The U.S. Securities and Exchange Commission (SEC) has filed a lawsuit against billionaire Elon Musk, accusing him of failing to disclose his significant ownership of Twitter stock within the legally required timeframe in early 2022. The SEC claims this delay allowed Musk to save at least $150 million on shares he purchased before completing his acquisition of the social media platform.
Musk began purchasing Twitter shares in early 2022, crossing the 5% ownership threshold by March. Under federal securities laws, Musk was required to publicly disclose his holdings once they exceeded 5%. However, the SEC’s complaint states that Musk delayed disclosure until April 4, 2022—11 days past the deadline.
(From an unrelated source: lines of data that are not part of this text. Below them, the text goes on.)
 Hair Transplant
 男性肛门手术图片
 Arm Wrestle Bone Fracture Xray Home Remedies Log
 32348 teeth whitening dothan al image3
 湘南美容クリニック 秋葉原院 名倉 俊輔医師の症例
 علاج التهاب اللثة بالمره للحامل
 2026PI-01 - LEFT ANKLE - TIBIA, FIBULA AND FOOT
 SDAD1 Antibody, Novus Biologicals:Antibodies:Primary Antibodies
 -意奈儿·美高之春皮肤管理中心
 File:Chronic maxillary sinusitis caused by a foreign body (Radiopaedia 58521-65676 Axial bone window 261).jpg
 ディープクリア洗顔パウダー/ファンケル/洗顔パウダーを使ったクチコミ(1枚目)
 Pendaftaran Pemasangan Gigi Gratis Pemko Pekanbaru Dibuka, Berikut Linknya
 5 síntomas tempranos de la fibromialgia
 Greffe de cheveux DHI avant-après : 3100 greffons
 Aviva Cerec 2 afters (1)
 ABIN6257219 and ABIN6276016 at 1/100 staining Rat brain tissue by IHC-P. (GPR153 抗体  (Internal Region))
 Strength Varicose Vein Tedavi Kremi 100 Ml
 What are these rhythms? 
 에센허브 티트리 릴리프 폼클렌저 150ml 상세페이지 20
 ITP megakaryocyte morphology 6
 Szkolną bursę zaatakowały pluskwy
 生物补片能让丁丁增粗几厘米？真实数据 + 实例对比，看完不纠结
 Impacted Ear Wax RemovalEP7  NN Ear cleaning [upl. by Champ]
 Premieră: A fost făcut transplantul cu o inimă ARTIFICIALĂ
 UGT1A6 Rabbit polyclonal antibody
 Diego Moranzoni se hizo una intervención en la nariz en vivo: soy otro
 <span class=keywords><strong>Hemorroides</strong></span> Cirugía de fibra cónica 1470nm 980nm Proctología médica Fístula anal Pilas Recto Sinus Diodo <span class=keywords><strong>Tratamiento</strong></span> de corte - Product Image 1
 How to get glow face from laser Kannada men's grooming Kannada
Allegations of Financial Advantage
The SEC contends that Musk’s late disclosure enabled him to purchase additional shares at lower prices, significantly undervaluing his subsequent investment. Musk finalized his acquisition of Twitter in October 2022 for $44 billion, later rebranding the platform as “X.”
In a statement accompanying the lawsuit, the SEC indicated that its investigation, initiated in April 2022, sought to determine whether Musk violated securities laws during his acquisition of Twitter stock. The agency also examined his public statements and filings related to the transaction.
Previous Legal Disputes
Musk’s acquisition of Twitter has been fraught with legal challenges. After signing an agreement to purchase the company in April 2022, Musk attempted to withdraw from the deal, citing concerns over the platform’s user data and bot accounts. Twitter subsequently filed a lawsuit to compel Musk to honor the agreement, leading to his eventual completion of the purchase.
Efforts to Compel Testimony
Prior to filing its lawsuit, the SEC sought to compel Musk’s testimony as part of its investigation. Musk resisted, resulting in legal battles over his obligation to cooperate with regulatory authorities.
Leadership Changes at the SEC
The lawsuit’s trajectory was affected by leadership changes at the SEC. Chair Gary Gensler steped down on January 20, raising uncertainty about the lawsuit’s continuation under the next administration.
Representatives for Musk and his company, X, have not yet responded to requests for comment. The case underscores the ongoing scrutiny of Musk’s business practices and their broader implications for corporate governance and securities regulation.